A concept map is essentially a graph where directed edges indicate the relations between the nodes (sometimes also a hyper-graph having edges with more than two nodes). The idea of this project is to use concept maps to build an advanced desktop environment (beyond just fancy features). A node in the concept map corresponds to a file and files can be grouped via a single hyper-edge into belonging to a sub-set of the graph as a generalisation of directories. In this scheme a file can belong to more than one of these subsets. The user can add additional nodes to represent other relationships between files (either only between nodes belonging to the same subset or adding new edges may create new subsets). Based on the subset relations a concept of collapsing or expanding these subsets in the view can be developed to create a hierarchical view rather than always viewing the complete graph. Part of this project is to explore how to best utilise concept maps for a desktop. A suitable representation for the concept map has to be developed, basic operations on the concept map (subset grouping, adding edges and nodes, deleting edges/nodes, creating subsets, etc.) should be provided and a 2D or 3D rendering engine for these graphs is required. Note that the initial concept map could simply be the file system tree or part of it.
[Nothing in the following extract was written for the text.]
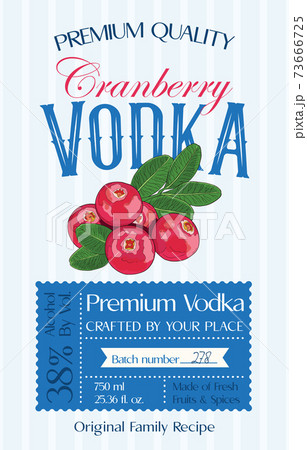 Family recipe Cranberry Vodka alcohol label template. Modern vector packaging design layout. Retro banner with typography and hand drawn fruit. Isolated. 73666725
As a graphics project 3D rendering of the graph, possibly with simply physics simulations (see BumpTop) can also be considered (there is potential to create two separate projects from this: concept map and 3D rendering/editing of graphs or a 3D Desktop environment).
This project requires good programming skills in a language of your choice (C/C++ probably being best) and requires a good understanding of spatial data structures, graphs, and possibly databases (to store the graph data structure, etc). It should be implemented under Linux or the GNU Hurd under the GPL V3.